Rebels have shot down a Syrian military helicopter in northern Syria, killing its crew members in a fiery crash.
The incident happened as the government kept up its relentless bombing campaign on the opposition-held region with an air strike in which seven civilians died, activists and news reports said.
The violence in Idlib province came as government troops moved closer to capturing the last rebel-controlled section of a strategic road linking southern and northern Syria.
It would bring the road under the full control of President Bashar Assad’s forces for the first time since 2012.
Some 700,000 people have fled their homes and surged north towards the Turkish border.
Nearly a quarter of the three million people in Idlib and nearby areas have fled.
Terrified families piled on to trucks and other vehicles, clogging muddy rural roads in yet another harrowing exodus in the conflict, now in its ninth year.
Hundreds of civilians have died in the latest fighting, according to the United Nations.
The Syrian helicopter gunship was shot down by insurgents amid fighting near the village of Nairab as rebels, backed by Turkish artillery, tried to retake it after losing it last week, according to opposition activists.
Turkey’s official Anadolu news agency reported that the pilot and two others aboard were killed, while opposition activists reported that only two crew members were on board.
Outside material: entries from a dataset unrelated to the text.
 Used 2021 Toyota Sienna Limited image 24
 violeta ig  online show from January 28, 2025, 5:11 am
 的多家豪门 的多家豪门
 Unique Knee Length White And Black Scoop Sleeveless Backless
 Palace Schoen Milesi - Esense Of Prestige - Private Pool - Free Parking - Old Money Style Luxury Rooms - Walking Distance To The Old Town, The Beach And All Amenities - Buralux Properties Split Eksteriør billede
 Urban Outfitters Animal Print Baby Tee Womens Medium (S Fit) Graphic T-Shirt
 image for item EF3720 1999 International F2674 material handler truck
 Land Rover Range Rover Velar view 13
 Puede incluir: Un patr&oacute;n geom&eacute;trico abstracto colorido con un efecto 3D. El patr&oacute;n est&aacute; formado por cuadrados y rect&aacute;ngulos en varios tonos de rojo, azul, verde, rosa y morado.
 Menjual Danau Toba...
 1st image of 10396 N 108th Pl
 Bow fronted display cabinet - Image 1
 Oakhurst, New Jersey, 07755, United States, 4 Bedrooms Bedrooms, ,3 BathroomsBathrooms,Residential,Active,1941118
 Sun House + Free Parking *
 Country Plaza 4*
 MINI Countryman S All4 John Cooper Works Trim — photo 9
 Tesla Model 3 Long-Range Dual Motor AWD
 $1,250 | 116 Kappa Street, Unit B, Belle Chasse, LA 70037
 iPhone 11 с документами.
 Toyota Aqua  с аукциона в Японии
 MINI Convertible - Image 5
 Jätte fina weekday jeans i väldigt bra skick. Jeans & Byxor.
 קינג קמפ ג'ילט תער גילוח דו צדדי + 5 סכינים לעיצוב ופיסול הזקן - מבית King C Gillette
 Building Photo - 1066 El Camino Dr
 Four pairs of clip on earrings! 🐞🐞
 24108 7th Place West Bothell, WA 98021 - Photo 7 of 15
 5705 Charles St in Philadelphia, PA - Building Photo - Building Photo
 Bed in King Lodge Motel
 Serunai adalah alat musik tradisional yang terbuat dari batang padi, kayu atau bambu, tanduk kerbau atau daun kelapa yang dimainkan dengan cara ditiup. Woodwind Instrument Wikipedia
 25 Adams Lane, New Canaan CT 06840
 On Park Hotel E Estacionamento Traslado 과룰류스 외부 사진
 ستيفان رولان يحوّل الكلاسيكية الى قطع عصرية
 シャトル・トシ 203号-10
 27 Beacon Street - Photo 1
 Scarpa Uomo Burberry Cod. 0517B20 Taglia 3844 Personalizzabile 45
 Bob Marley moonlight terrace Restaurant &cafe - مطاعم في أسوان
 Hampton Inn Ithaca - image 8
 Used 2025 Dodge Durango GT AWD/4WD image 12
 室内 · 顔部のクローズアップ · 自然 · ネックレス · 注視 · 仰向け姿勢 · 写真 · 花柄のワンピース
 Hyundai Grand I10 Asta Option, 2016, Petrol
Hours later, a Syrian air strike hit the city of Idlib, the provincial capital, killing seven people and wounding nearly two dozen, according to the Syrian Civil Defence, also known as the White Helmets.
The Britain-based Syrian Observatory for Human Rights said the air strike killed 12 civilians, half of them children, and wounded about 30.
Opposition activists said the air strike on Idlib, home to about 800,000 people, was carried out in response to the downing of the helicopter.